TAMPA, Fla. -- A third-place team winning the World Series?
Joe Maddon thought about the possibility.
"There's no bellyaching," the Tampa Bay Rays manager said. "You know it's a possibility, so why are you going to cry about it at the end of the year?"
First place ain't what it used to be. "Let's win!" has been replaced by "Let's get in!"
Under the new postseason format, a third-place team can squeak into the playoffs in the final wild card spot and 12 wins later be spraying champagne, lifting the trophy and planning a parade. And there's a good chance the extra American League team will come from the wild, wild East, a division where the pitching-rich Rays have upended the New York Yankees and Boston Red Sox to win two division titles in the last four seasons.
"It's going to happen," Yankees first baseman Mark Teixeira said. "It's not necessarily who has the best record in the regular season, it's who's hot in the postseason."
"Two weeks before the season was over, would anyone have thought that St. Louis was going to win the World Series? But that's baseball. That's the beauty of baseball."
Last year's Cardinals were the fifth wild-card champion, and now more are sure to follow.
Through 1968, the two pennant winners went directly to the World Series.
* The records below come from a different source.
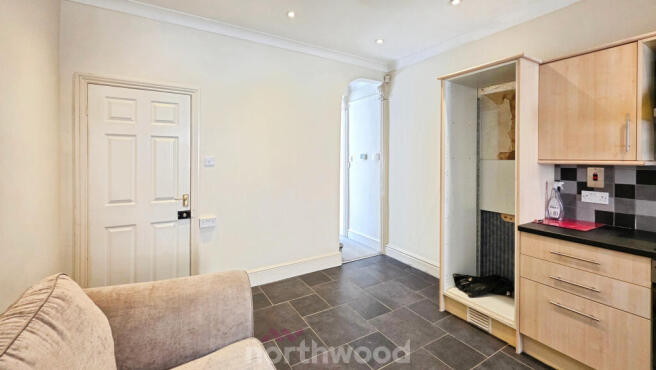2 bed Terraced to rent Image 5
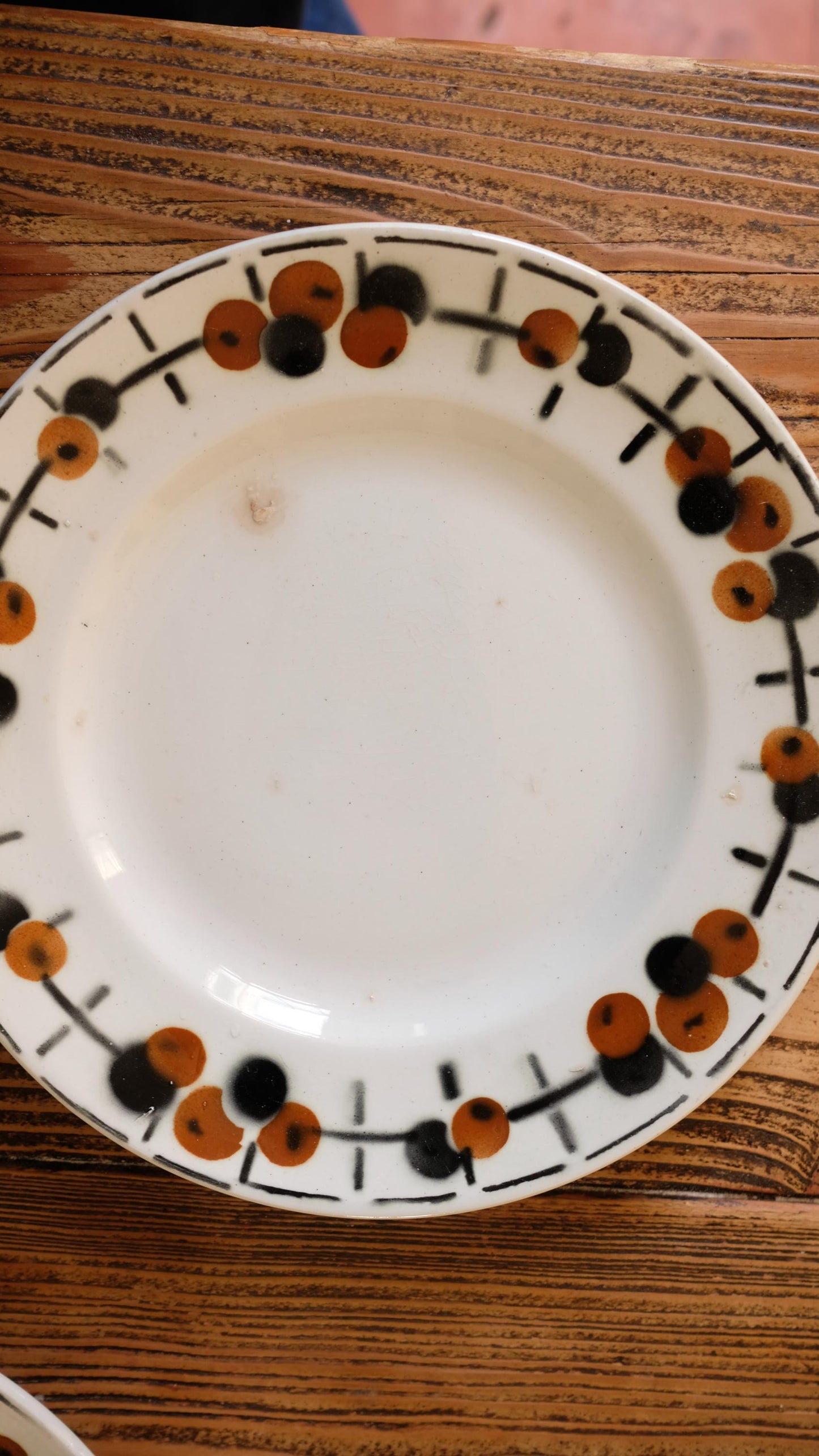Lot de cinq assiettes vintage Saint Amand terre de fer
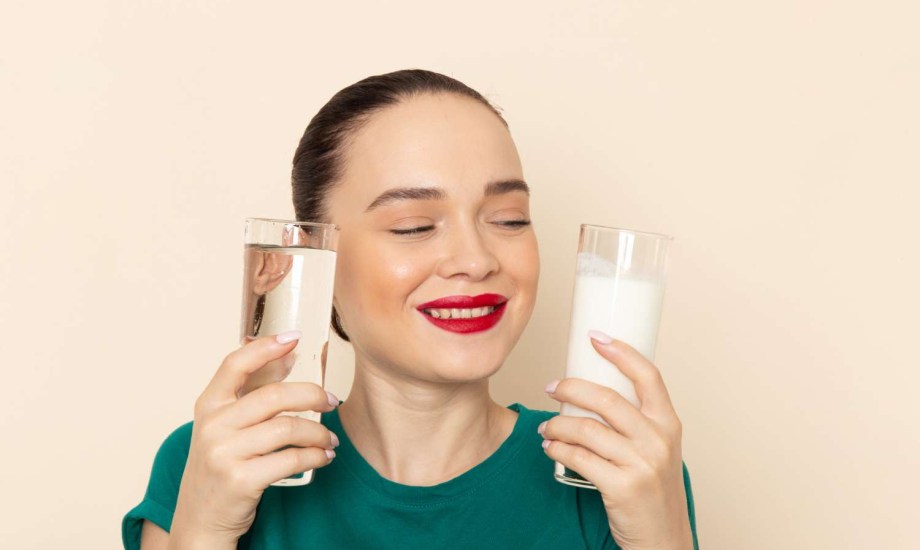 الحليب أم الماء أيهما أفضل لخلط مسحوق البروتين؟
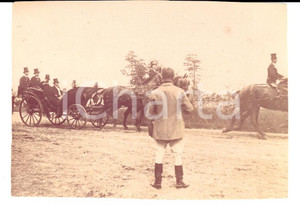 Fotografia d epoca originale 1900 ca AREA LOMBARDA Passaggio di re UMBERTO I in carrozza  Foto 11 x 8 cm 1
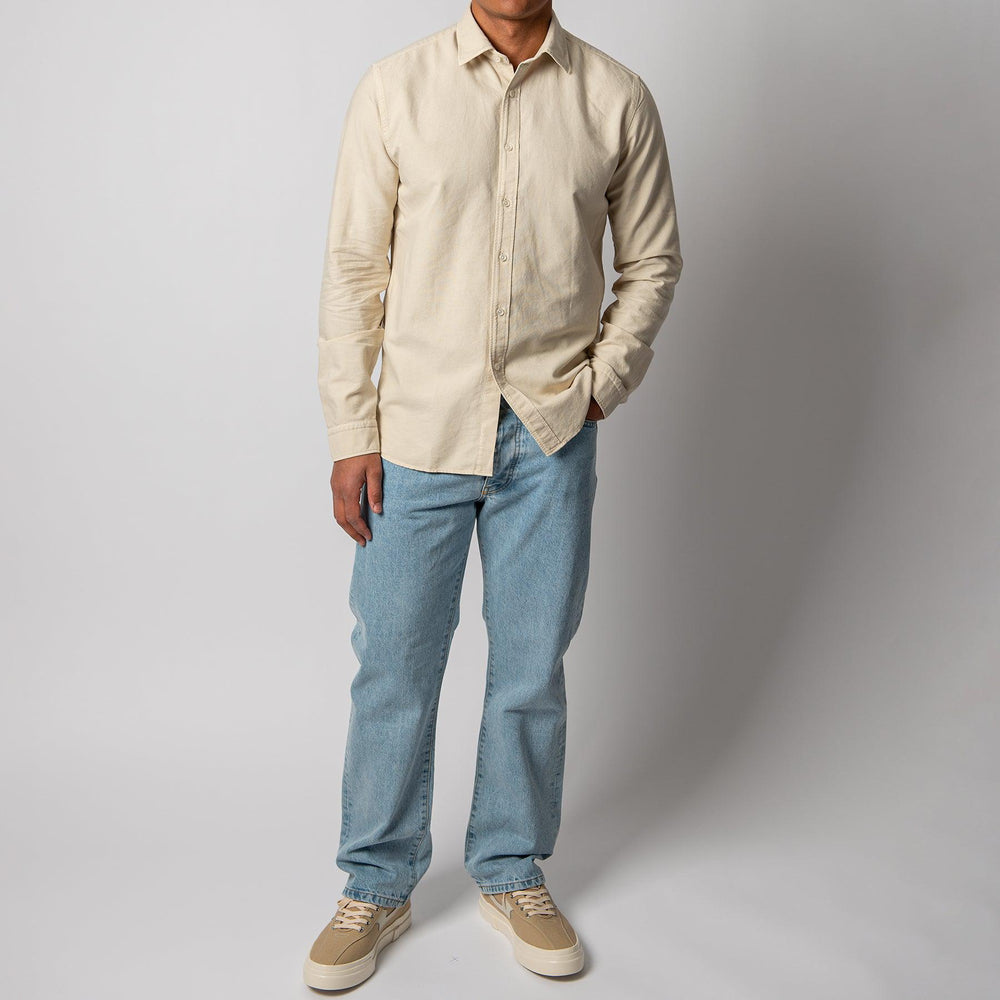 WASHED CASUAL OXFORD SHIRT Beige – XACUS, helbild på modell framifrån med jeans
When each league split into two divisions, the postseason doubled to four teams, with a league championship series added in a move that upset tradition-bound fans. The playoffs increased to eight teams in 1995 (a year later than intended, because of a season-ending strike) as each league went to three divisions.
And now, 10 of 30 teams will go to the postseason, still a lower percentage than the NFL (12 of 32) and the NBA and NHL (16 of 30).
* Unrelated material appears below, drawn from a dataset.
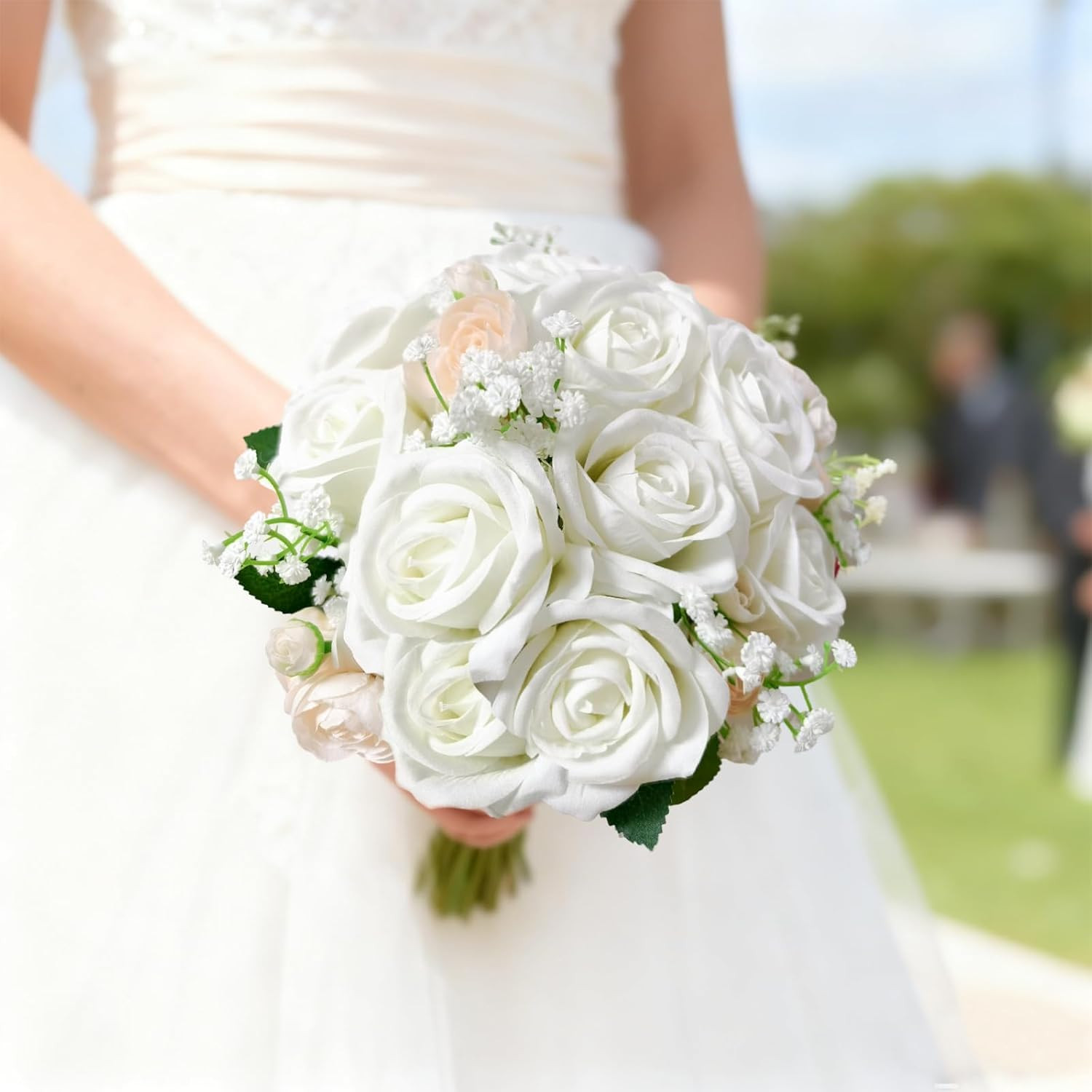 50Pcs White Roses Artificial Flowers with Stems，Fake Roses Bouquet Fake Flowers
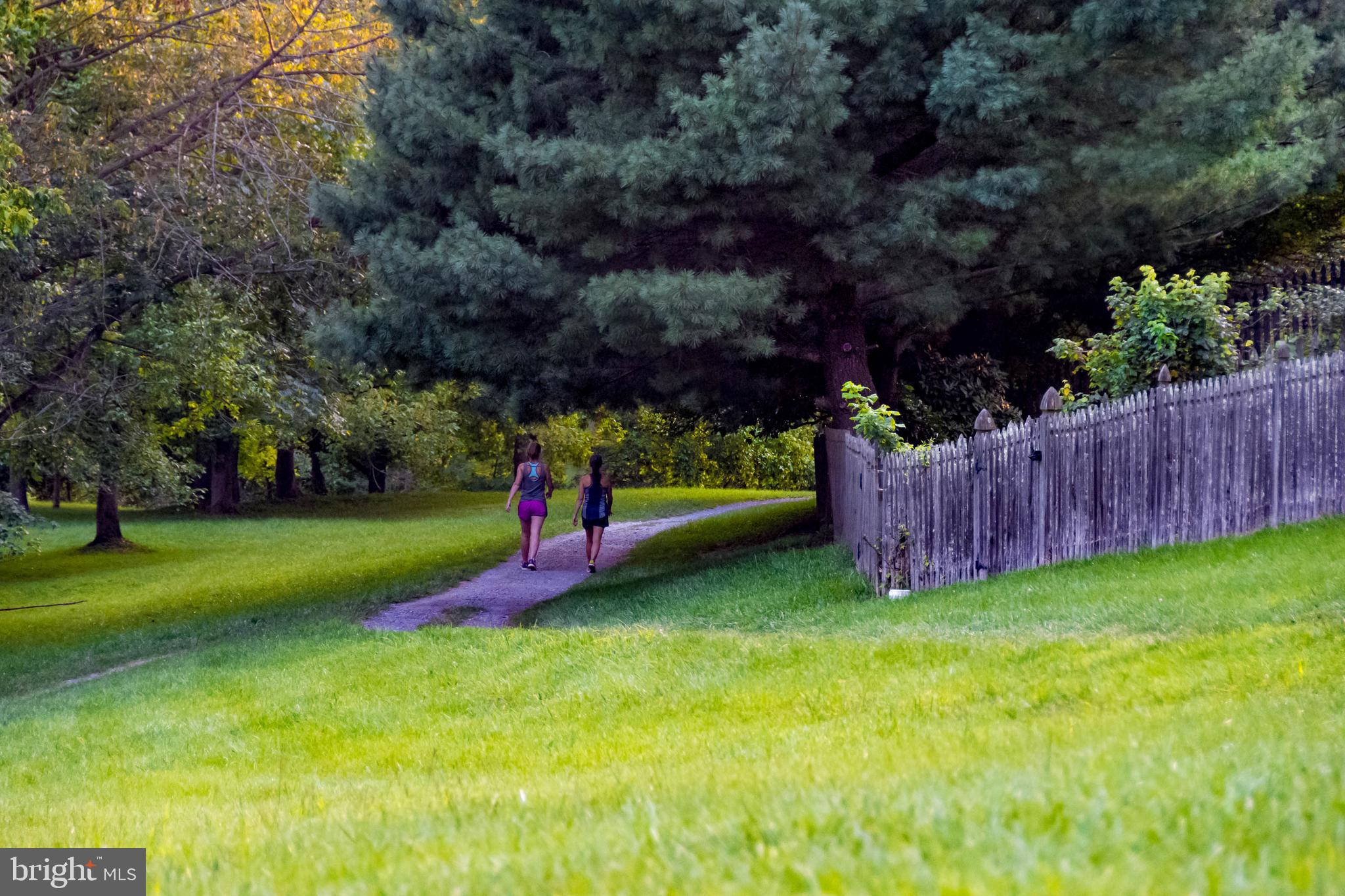 LAKE LINGANORE WOODRIDGE - Residential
Old-style, six-month battles for first, like the 1951 struggle between the New York Giants and the Brooklyn Dodgers and the 1978 fight between the Yankees and the Red Sox, are as dated as the dead ball.
Rays senior adviser Don Zimmer, a Dodgers minor leaguer during the '51 race who retired as a player in 1965 after a dozen big league seasons, said the straight-to-the-Series system wouldn't work anymore.
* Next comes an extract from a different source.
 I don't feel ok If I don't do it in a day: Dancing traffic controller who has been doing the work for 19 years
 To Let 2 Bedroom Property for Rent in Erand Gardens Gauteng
"Oh no. Not now. Too many teams," he said. "I think the more teams go to the playoffs, the more fans come to watch their teams."
Under the new format, the three division winners in each league advance to the postseason along with the two non-division winners with the best records. The wild cards meet in a one-game playoff, with the winner moving on to the best-of-five division series. And the prohibition against teams from the same division meeting before the LCS has been eliminated.
While teams as low as third place have never won the Super Bowl, it's happened twice in the NBA. The 1969 Boston Celtics won the championship after finishing fourth in the East and the 1995 Houston Rockets took the title after coming in third in the Midwest.
There's been one fourth-place Stanley Cup champion, according to STATS LLC, the 1949 Toronto Maple Leafs. Nine third-place teams are engraved on the cup, the last being the 1993 Montreal Canadiens.
The last great regular-season race in baseball was in 1993, when Atlanta (104-58) edged out San Francisco (103-59) -- the Giants had the most wins since 1954 of a team that failed to finish first.
Not since the 1995 Braves has the team with the National League's best record won the World Series, according to STATS. The top AL team has fared better, with the 1998, 1999 and 2009 Yankees winning along with the 2005 Chicago White Sox and the 2007 Boston Red Sox (who tied with Cleveland for the top record).
"I don't think there's a pennant race anymore. That's been extinct since they made the divisions," Toronto slugger Jose Bautista said. "There's division championships that are still employed but there's not a pennant race. That's long gone. When there was just the American League and National League and whoever was on top, that's when it really meant something."
Had the new system been in place, both AL wild cards would have come from the East in three of the last four years, creating wild card matchups of Rays-Red Sox last year and Yankees-Red Sox in 2008 and 2010. The lone exception would have been 2009, when Boston would have played Texas in the wild-card round.
"The way it's played out in the past, it'll just be another game against two teams in this division," Boston pitcher Clay Buchholz said. "So we'll be able to add another team from this division in the playoffs, if everything goes good and the division is still as strong as it has been."
While there's more incentive to win the division and avoid the one-loss-and-you're-out round, even a team like the Baltimore Orioles, in the midst of 14 consecutive losing seasons, has increased hope of October ball.
"It gives a lot of people a little bit of chance," Orioles shortstop J.J. Hardy said. "We all say it -- once you're in the playoffs anything can happen. If you sneak in, as one of the extra wild-card teams, there's no saying you can't win the World Series."
Out of it has been redefined. Among the wild card Series winners, the 1997 Florida Marlins finished nine games out of first. The others -- the 2002 Anaheim Angels, 2003 Marlins, 2004 Red Sox and last year's Cardinals -- all dropped 10-1/2 games back of first at some point, STATS said.
Players and fans sure weren't thinking about that when jumping up and down at the year's final out.
"If you're a World Series champion, you're a World Series champion," Rays pitcher David Price said. "That means you're the best team in baseball, especially that last month of the season. That speaks volumes about your team, the coaching. It's how you're able to put it together that last month."